Del Toro’s early work consisted of Spanish-language movies, in which the main characters are on the opposite side of the rest of the cast because of a social issue. Del Toro’s movies, when he moved to Hollywood, have been themed the same way, but based off gender and ethnicity.
“I feel that every decision you make has some political or social position,” he said, pointing to his Pacific Rim heroine Mako Mori, played by Rinko Kikuchi—a lead character who battles alongside men and doesn’t share an onscreen romance with her male counterpart, even if some fans ‘ship it anyway. “It’s incredibly important to me to have a female protagonist in Pacific Rim that doesn’t come out in skimpy shorts and a wet T-shirt and is a sex object, that really holds her own in battles.”
“The reason I made the movie was Mako,” del Toro continued. “And I made the decision that the central male and the female characters are going to get the least amount of lines, because they’re closed-in characters who don’t want to talk to anyone—except they want to talk to each other. As friends, as colleagues.”
“The political decision about making a movie about giant robots and monsters is that there’s no single country saving the world. It is the world saving the world, and you end up with an African-American guy, a Japanese girl, everybody saving the world. Those are political decisions for me. When you get jingoistic and ‘hip hip hooray’ sort of militaristic action, that’s a different political decision.”

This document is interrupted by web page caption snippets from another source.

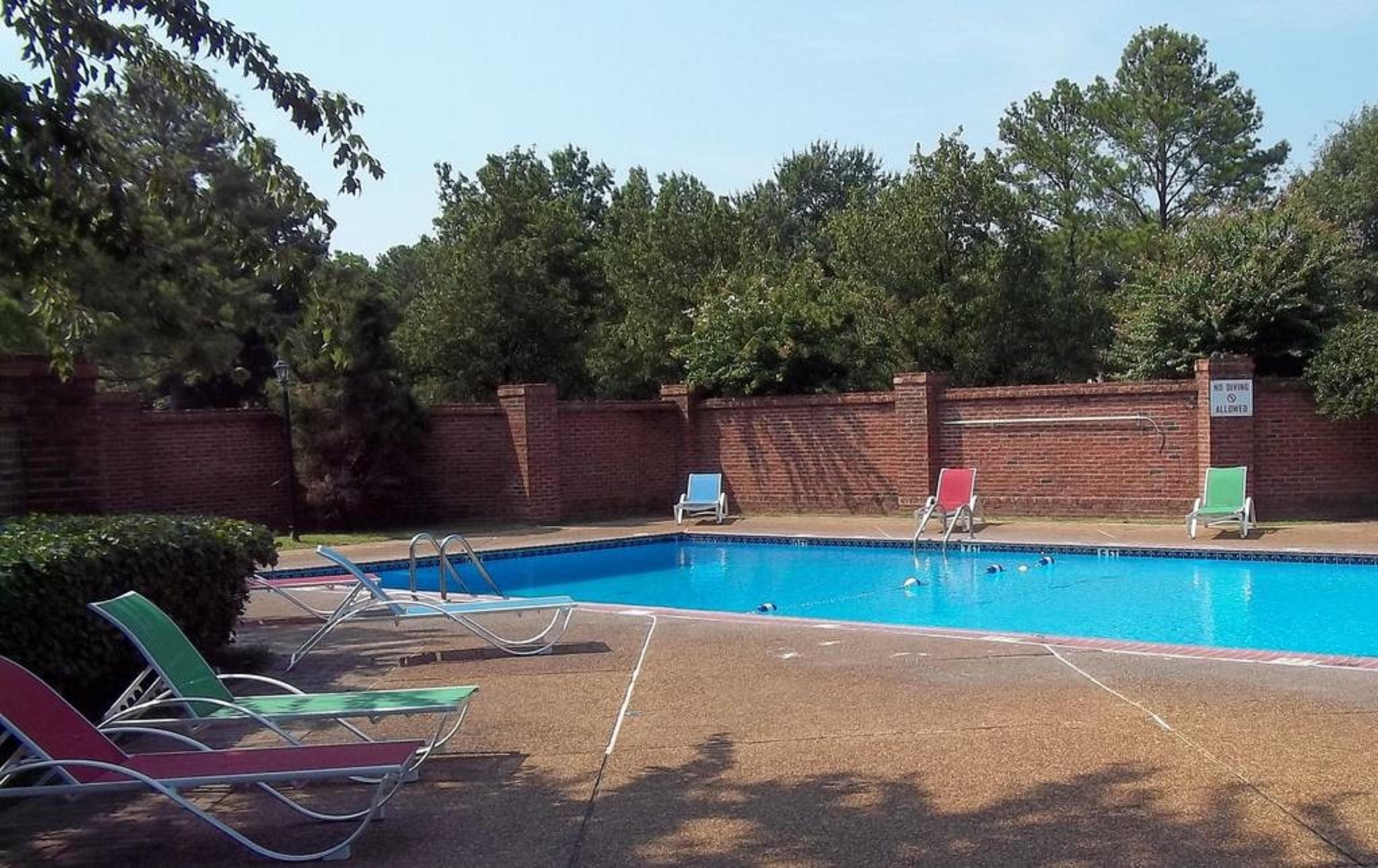 Clarion Hotel & Suites Conference Center Memphis Airport Exterior photo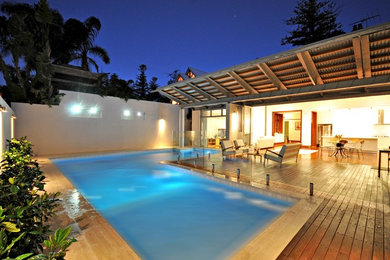 Design ideas for a contemporary l-shaped pool in Perth with decking.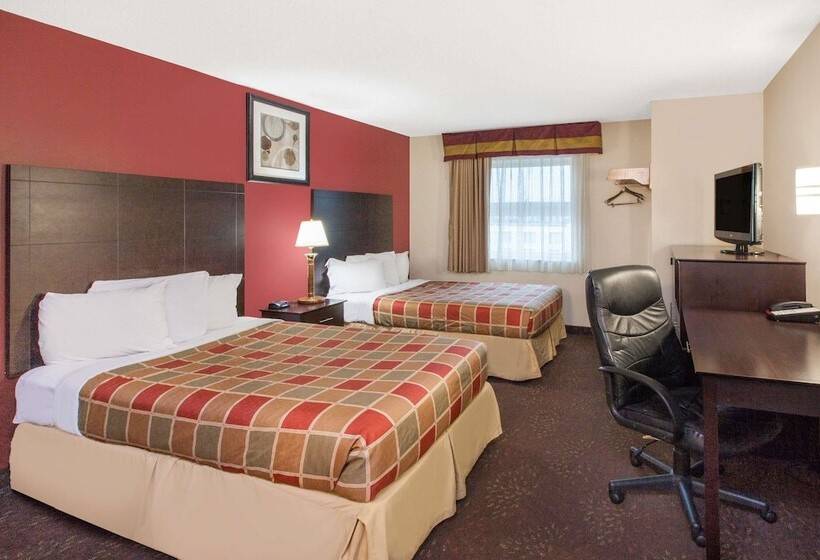 Номер Стандарт 2 Двуспальные Кровати, Travelodge By Wyndham Romulus Detroit Airport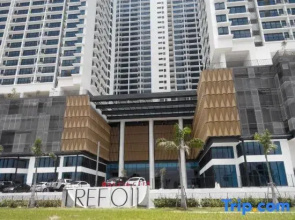 Minimalist studio @ Trefoil Setia Alam (linked bridge to Mall/Convention Centre/NIH/Peninsula)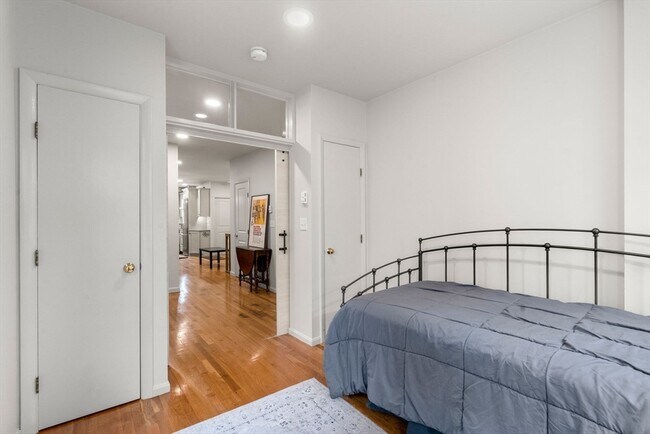 Building Photo - 88 Prince St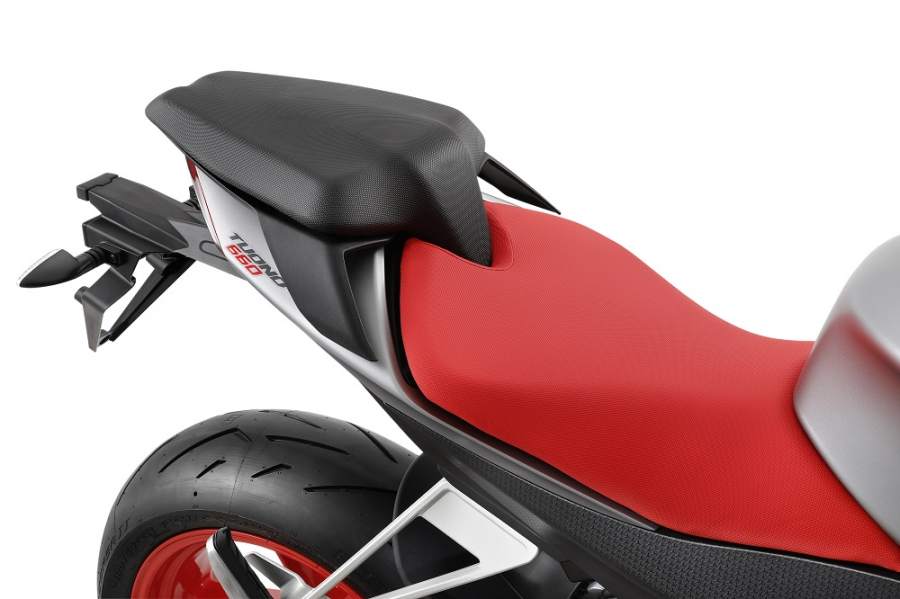D&agrave;n đu&ocirc;i c&ugrave;ng y&ecirc;n xe ph&acirc;n tầng d&agrave;y dặn của Aprilia Tuono 660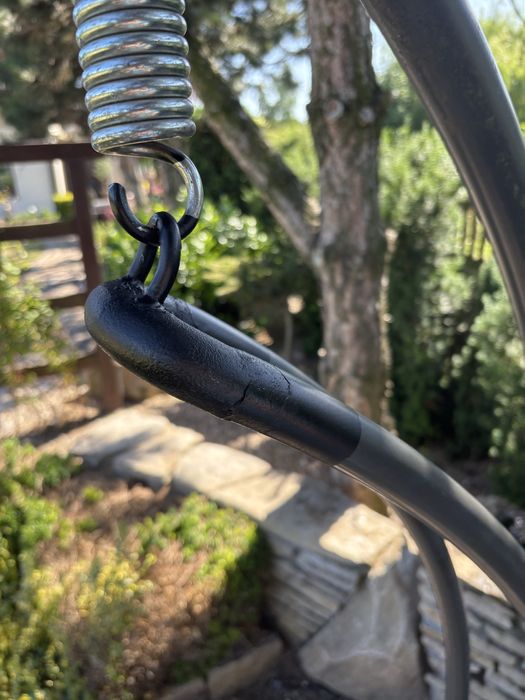 Wiszaca lawka ogrodowa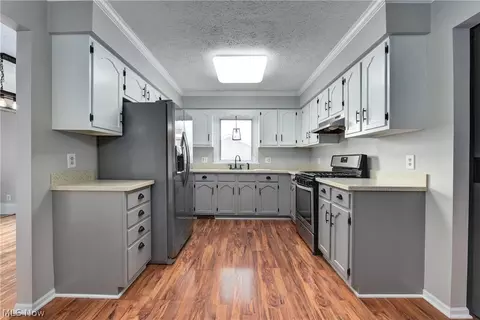 Kitchen - 7093 Brandywine Dr, Mentor, OH 44060 photo 1 of 3
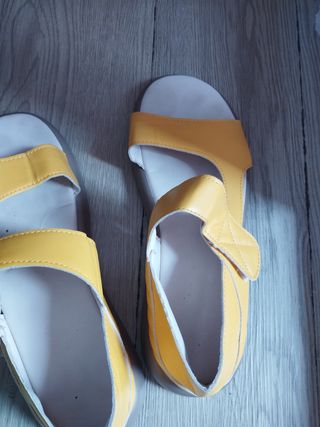 Sandalias amarillas mujer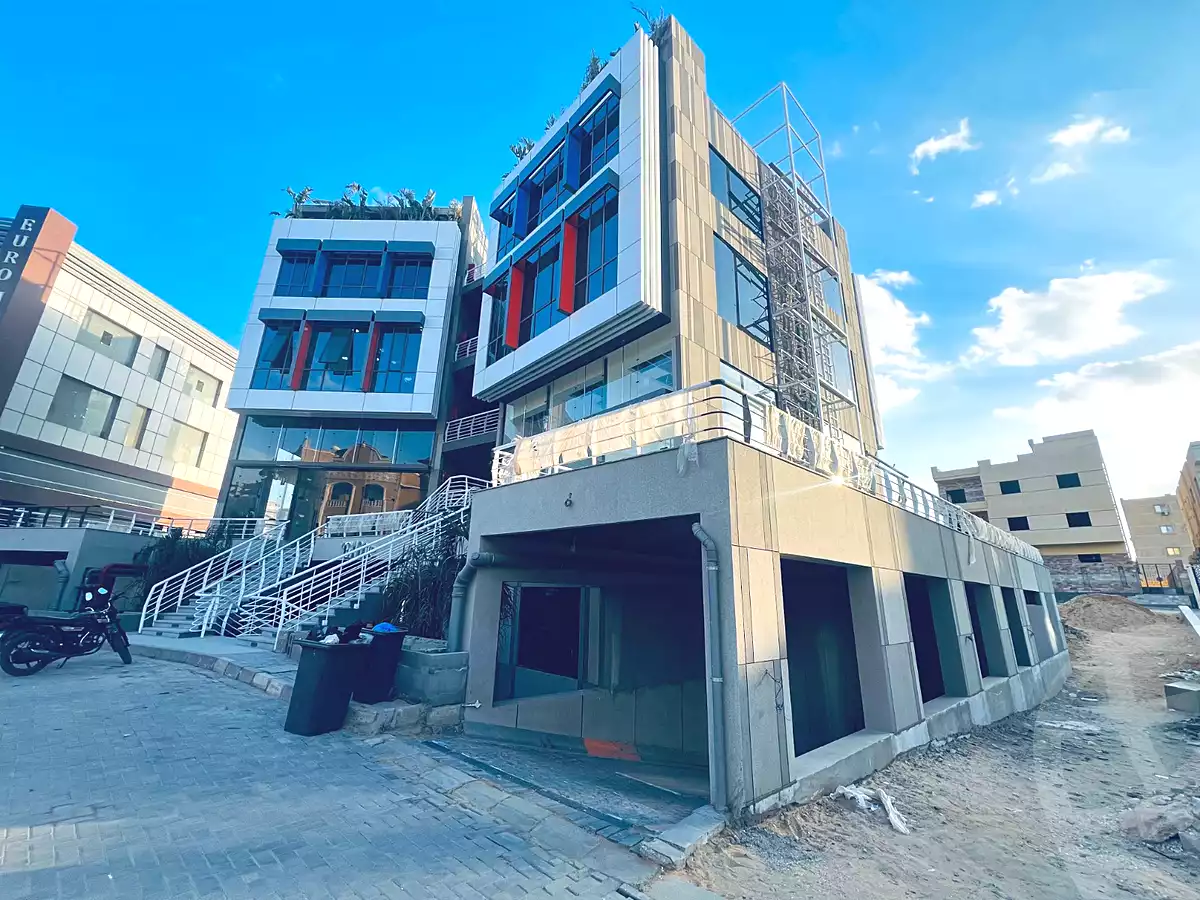 https://aqarmap.com.eg/ar/listing/6824225-for-rent-cairo-new-cairo-mohammed-nagib-axis-st
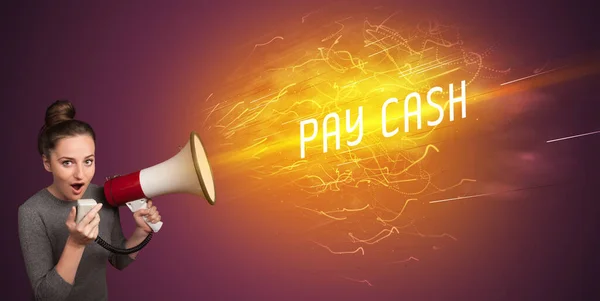 Νεαρό Κορίτσι Φωνάζοντας Μεγάφωνο Pay Cash Επιγραφή Online Ψώνια Έννοια — Φωτογραφία Αρχείου
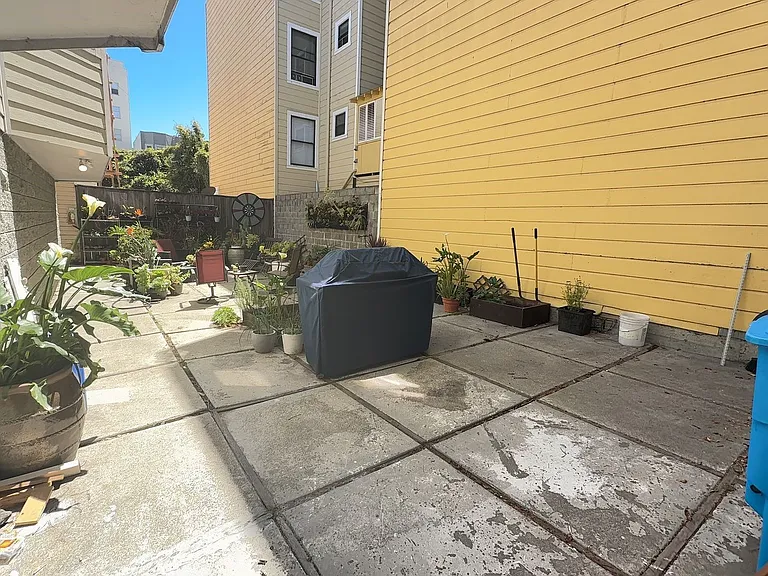 1415 Eddy St — Photo 34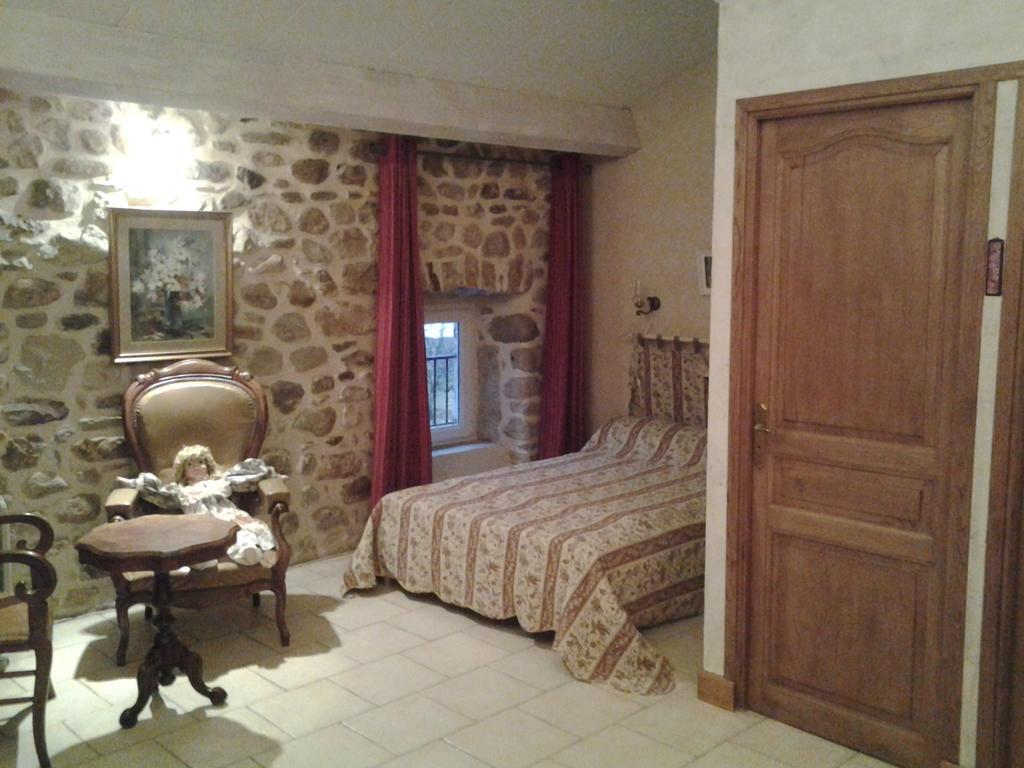 Le Mas De La Musardiere Chambres D Hotes Les Assions 객실 사진
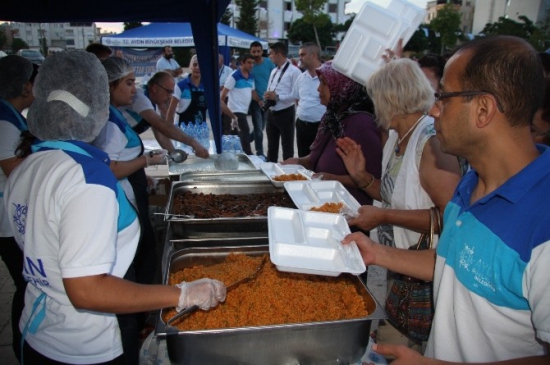 Aydın Büyükşehirden Didim'de iftar yemeği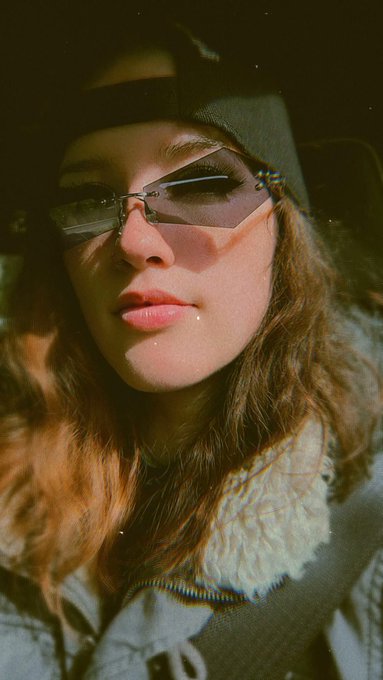 Travel sunglasses. https://t.co/oDXZ1vk7mG<a href="/tag/blackandwhite"class="tags"><span>#blackandwhite</span></a><a href="/tag/boudoir"class="tags"><span>#boudoir</span></a><a href="/tag/blackandwhitephotography"class="tags"><span>#blackandwhitephotography</span></a>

At Comic-Con in Hall H, Avengers Director Joss Whedon talked about his own work with feminism by giving Black Widow (Scarlett Johansson) an anti-feminist role in Age of Ultron. Del Toro, who is a father of two girls, spoke of Hollywood’s “secret gender war” to fans at the Legendary panel.
“To me, gender is politics,” he told me. “There’s a secret war against gender in the world, and it’s important for me to write substantial parts for female actors that they don’t get that often. Gothic romance is perfect for that. It was important to me to make a damsel-in-distress movie where the damsel ultimately kicks ass. Most of these tales end up in marriage and the marriage is the end to the horrors. In Crimson Peak, the horrors start with the marriage.”
Del Toro is a Guadalajara native who moved to America in 1997 after his father was kidnapped in Mexico. He prefers to talk about his interests in America, such as superheroes, monsters and haunted houses. Although Del Toro wants to continue making movies in America, which he has dual-membership for a few months, Del Toro wants to produce movies in Mexico, including a documentary about “the current climate of corruption.”
“I think that we hold very seriously the responsibility to keep talking about the situation in Mexico, not only when we go there but when we are here,” he said, his usually jovial tone turning serious. “It is urgent because of the social decomposition of our country by the drug trade. The tragedy of that is that a leisure drug trickles down, and it destroys a country.”
“In order to sustain an addiction, you’re killing people all the way from South America to North America. Every time somebody uses drugs, it’s like having a gun. They’re killing someone, period.”
Crimson Peak is set to be released in October 2015!